Elicker also noted that, on the expenditures side, the Board of Education’s projected deficit fell from $2.9 million to $1.4 million, the police department’s projected surplus rose from $1 million to $1.8 million, the contract reserve budget line’s projected surplus increased from $400,000 to nearly $1.3 million, and the fire department’s project shortfall fell from $1.2 million to $1 million.

The main driver was personnel savings,” Elicker said. He said those savings resulted in part from the dozens of currently vacant positions he and the alders cut in the fiscal year budget that went into effect July 1. Knowing that those cuts were coming, he said, city departments did not hire to fill them last fiscal year.

The budget office also worked very hard to reduce the non-personnel expenditures,” he said. That led to a savings of around $2 million.”
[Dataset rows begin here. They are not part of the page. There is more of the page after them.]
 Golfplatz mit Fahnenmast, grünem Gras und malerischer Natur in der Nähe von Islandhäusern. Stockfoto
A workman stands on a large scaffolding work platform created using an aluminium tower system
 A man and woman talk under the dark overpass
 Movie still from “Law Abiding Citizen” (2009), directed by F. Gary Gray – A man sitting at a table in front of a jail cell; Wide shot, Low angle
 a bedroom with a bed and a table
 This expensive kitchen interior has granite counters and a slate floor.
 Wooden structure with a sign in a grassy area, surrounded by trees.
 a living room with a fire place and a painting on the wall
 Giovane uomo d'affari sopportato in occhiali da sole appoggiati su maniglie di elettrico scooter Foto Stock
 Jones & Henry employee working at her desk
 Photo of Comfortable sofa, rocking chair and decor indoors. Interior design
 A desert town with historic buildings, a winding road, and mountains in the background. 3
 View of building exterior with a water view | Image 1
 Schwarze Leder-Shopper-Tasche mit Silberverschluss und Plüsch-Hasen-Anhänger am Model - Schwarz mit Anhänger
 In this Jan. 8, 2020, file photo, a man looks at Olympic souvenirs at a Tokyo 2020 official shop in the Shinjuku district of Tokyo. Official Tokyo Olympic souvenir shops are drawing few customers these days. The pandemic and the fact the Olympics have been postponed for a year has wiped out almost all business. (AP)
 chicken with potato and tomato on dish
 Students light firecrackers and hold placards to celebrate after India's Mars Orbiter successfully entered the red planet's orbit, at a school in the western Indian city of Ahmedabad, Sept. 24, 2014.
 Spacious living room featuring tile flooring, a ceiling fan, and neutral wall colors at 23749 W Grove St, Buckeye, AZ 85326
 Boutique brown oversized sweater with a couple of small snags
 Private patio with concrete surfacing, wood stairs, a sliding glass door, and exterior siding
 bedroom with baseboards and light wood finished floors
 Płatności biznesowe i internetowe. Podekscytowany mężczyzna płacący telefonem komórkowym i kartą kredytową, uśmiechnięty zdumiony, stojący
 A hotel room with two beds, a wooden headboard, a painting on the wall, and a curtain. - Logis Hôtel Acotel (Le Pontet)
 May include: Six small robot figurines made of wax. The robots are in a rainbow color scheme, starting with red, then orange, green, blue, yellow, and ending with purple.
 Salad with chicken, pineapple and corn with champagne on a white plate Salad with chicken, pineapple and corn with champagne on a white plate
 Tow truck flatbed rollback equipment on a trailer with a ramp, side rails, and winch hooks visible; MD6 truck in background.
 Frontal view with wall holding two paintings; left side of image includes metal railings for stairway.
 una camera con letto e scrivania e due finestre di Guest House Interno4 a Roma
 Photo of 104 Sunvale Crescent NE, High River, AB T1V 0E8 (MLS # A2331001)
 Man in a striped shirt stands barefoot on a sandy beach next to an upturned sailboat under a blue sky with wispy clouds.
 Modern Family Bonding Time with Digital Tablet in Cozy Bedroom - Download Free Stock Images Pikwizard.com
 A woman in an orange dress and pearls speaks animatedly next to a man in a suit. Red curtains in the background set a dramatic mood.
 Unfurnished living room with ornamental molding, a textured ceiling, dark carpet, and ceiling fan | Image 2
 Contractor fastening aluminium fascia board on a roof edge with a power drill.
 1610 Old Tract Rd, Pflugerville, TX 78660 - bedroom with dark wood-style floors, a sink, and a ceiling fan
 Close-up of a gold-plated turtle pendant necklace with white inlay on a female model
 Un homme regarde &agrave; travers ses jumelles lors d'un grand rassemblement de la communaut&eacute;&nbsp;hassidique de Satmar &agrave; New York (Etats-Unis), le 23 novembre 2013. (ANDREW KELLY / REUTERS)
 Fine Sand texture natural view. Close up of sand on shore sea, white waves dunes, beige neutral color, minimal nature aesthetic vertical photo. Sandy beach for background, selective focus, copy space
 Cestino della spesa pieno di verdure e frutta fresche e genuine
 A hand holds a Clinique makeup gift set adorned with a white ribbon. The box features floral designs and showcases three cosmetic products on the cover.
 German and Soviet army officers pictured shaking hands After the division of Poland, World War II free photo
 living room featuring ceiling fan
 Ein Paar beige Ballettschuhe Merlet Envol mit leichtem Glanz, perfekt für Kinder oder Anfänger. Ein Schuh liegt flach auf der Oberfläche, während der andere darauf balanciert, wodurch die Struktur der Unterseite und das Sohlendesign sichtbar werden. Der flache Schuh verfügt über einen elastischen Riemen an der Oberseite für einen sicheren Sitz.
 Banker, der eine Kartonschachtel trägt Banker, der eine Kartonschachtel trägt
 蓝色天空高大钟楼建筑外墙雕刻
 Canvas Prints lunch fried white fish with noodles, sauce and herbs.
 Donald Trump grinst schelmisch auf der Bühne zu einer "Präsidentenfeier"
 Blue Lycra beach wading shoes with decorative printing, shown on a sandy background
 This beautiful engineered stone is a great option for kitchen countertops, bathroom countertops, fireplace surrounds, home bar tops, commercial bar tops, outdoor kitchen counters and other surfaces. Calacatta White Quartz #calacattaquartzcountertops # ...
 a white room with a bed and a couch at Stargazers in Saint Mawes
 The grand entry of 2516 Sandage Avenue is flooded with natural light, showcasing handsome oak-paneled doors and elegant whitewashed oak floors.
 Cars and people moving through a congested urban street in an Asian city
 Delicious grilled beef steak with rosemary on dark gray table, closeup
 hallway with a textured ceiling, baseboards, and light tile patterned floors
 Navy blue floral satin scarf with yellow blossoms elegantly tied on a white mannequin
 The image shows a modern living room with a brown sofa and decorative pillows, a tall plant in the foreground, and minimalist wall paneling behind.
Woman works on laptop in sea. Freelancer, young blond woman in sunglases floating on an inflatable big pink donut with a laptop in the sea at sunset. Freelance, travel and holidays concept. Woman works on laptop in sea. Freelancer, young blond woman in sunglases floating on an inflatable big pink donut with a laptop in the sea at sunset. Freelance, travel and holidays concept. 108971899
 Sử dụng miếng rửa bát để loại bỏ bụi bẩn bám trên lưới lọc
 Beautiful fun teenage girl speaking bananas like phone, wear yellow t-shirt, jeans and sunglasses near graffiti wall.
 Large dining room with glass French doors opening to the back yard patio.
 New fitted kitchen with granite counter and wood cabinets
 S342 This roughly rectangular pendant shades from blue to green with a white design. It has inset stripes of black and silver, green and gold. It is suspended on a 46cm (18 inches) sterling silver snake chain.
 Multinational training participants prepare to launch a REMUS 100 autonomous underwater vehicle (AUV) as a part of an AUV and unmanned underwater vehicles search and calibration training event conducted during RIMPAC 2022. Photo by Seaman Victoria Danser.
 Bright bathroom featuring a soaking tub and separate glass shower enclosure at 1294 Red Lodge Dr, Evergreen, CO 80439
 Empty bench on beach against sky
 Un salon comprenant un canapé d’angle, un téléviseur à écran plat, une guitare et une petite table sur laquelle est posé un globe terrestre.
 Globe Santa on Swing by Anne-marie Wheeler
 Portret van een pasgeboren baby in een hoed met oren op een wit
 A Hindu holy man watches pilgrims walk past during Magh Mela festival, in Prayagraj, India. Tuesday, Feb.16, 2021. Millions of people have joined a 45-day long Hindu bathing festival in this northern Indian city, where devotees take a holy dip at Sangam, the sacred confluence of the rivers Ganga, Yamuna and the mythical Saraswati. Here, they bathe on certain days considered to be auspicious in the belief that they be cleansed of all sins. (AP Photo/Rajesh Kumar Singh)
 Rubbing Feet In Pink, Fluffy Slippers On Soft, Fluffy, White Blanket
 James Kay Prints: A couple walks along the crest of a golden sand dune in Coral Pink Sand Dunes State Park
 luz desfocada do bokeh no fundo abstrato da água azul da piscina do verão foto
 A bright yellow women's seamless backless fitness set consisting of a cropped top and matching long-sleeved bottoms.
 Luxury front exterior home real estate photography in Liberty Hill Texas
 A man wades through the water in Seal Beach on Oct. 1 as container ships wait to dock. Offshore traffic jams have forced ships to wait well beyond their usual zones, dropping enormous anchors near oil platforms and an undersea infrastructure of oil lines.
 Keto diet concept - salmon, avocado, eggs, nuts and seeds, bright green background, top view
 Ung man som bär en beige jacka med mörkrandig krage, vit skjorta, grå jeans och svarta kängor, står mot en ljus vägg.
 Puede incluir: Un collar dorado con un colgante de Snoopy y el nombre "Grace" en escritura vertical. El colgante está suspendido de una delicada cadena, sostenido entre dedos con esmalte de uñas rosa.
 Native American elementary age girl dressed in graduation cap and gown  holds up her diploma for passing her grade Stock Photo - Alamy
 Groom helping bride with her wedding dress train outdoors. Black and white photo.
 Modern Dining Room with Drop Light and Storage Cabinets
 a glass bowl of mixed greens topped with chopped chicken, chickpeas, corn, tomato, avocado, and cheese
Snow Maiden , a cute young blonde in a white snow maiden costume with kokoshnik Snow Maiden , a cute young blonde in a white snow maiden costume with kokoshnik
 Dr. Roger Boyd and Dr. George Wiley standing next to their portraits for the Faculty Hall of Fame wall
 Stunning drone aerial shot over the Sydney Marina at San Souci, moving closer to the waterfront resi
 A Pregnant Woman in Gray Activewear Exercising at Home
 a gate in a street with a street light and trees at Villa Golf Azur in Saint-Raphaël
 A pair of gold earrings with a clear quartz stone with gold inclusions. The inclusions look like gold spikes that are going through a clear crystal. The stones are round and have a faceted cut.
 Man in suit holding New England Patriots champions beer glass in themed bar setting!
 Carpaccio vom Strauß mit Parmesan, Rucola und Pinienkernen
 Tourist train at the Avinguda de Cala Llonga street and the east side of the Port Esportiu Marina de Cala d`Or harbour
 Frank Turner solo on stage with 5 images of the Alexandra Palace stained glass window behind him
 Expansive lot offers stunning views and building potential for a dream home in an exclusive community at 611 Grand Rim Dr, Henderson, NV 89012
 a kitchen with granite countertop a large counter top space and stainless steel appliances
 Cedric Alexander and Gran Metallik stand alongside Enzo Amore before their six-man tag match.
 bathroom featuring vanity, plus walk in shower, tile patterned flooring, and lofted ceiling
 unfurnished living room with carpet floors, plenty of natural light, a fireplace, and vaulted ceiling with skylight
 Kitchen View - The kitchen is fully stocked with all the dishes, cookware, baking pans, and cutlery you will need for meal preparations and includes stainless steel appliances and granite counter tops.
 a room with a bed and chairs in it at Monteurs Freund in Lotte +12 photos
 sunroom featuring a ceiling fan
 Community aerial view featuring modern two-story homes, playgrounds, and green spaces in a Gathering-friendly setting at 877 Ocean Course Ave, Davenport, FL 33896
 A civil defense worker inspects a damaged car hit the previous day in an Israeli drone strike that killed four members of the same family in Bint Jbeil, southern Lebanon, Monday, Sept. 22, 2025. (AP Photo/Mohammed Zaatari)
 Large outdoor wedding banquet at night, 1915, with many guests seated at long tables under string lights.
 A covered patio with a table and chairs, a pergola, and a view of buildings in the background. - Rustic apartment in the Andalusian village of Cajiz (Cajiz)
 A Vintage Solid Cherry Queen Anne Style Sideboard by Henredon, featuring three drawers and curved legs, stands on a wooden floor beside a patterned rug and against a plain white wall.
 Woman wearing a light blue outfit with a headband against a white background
In June, the state projected that cities and towns across Connecticut have experienced a cumulative revenue shortfall of over $400 million so far during the pandemic, as well as tens of millions of dollars of new expenses.

$555.8M In Expenditures; $548M In Revenue

A summary at the top of June report notes that large-scale economic shutdowns and paused non-essential city services during the Covid-19 pandemic have led to a steep drop in the collection of certain forms of revenue.

Parking meter receipts are expected to come in $1.6 million under budget. Parking tickets are also expected to come in $1.6 million in the red. And building permits are expected to be deficient of budget” by $2.3 million.

The potential impact of the national, State and City response to COVID-19 to date, and the continued spread of COVID-19 and the national, State and City response thereto, cannot be predicted,” the summary reads, but could have a materially adverse effect on the economies of the State and its municipalities.”

Not every revenue shortfall is directly related to Covid. The city’s $4.9 million Revenue Initiative” line — an ambiguously defined section of the budget that is often used as a placeholder for hoped-for money from the state, Yale University, and Yale New Haven Hospital — is slated to come in at $0 realized for FY20.

Elicker noted that his administration inherited the FY20 budget six months into the year, and that he has been critical of the alders and the previous administration of leaning on that line for revenue that does not always come in.

While the report shows city revenue coming up short by over $8.5 million for the fiscal year, it also shows that overall city general fund expenditures are projected to come in at $800,000 lower than originally budgeted.

The report’s summary identifies that the city’s overall medical expenditures as $6.7 million less than last year. This is primarily related to COVID 19 and the City having to pay less claims in the FY,” the report reads.

It also notes that workers compensation payments are slated to come in $1 million less than the previous fiscal year.

When comparing the May and June monthly financial reports, the city’s projected overall general fund expenditures for the year dropped from $558.5 million to $555.8 million, and the city’s projected revenue for the year increased from $545.2 million to $548 million.